■ RECORDS PROVIDED
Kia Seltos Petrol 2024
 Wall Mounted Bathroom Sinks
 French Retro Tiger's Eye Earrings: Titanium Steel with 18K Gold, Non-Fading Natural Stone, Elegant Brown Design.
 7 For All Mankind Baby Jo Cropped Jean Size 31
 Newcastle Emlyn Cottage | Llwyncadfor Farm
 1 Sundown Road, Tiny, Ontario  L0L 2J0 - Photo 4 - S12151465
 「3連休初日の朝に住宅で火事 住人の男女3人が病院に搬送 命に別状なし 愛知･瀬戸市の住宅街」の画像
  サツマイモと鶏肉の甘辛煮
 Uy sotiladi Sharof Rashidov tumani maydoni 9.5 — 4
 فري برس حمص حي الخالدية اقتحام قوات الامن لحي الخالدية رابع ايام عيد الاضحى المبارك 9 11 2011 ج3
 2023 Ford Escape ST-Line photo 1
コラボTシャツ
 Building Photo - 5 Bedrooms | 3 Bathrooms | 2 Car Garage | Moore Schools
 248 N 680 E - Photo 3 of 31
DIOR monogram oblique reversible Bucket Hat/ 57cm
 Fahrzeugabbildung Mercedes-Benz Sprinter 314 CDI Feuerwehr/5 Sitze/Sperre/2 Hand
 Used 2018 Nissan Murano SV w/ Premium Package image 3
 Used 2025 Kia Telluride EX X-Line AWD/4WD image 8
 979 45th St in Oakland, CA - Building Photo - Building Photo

■ WHAT YOU ARE ASKED TO DO
Up to the line containing "Newcastle Emlyn Cottage | Llwyncadfor Farm", skip everything; from that line through the last line above, return each line exactly.

■ SOLUTION FOR THIS EXERCISE
 Newcastle Emlyn Cottage | Llwyncadfor Farm
 1 Sundown Road, Tiny, Ontario  L0L 2J0 - Photo 4 - S12151465
 「3連休初日の朝に住宅で火事 住人の男女3人が病院に搬送 命に別状なし 愛知･瀬戸市の住宅街」の画像
  サツマイモと鶏肉の甘辛煮
 Uy sotiladi Sharof Rashidov tumani maydoni 9.5 — 4
 فري برس حمص حي الخالدية اقتحام قوات الامن لحي الخالدية رابع ايام عيد الاضحى المبارك 9 11 2011 ج3
 2023 Ford Escape ST-Line photo 1
コラボTシャツ
 Building Photo - 5 Bedrooms | 3 Bathrooms | 2 Car Garage | Moore Schools
 248 N 680 E - Photo 3 of 31
DIOR monogram oblique reversible Bucket Hat/ 57cm
 Fahrzeugabbildung Mercedes-Benz Sprinter 314 CDI Feuerwehr/5 Sitze/Sperre/2 Hand
 Used 2018 Nissan Murano SV w/ Premium Package image 3
 Used 2025 Kia Telluride EX X-Line AWD/4WD image 8
 979 45th St in Oakland, CA - Building Photo - Building Photo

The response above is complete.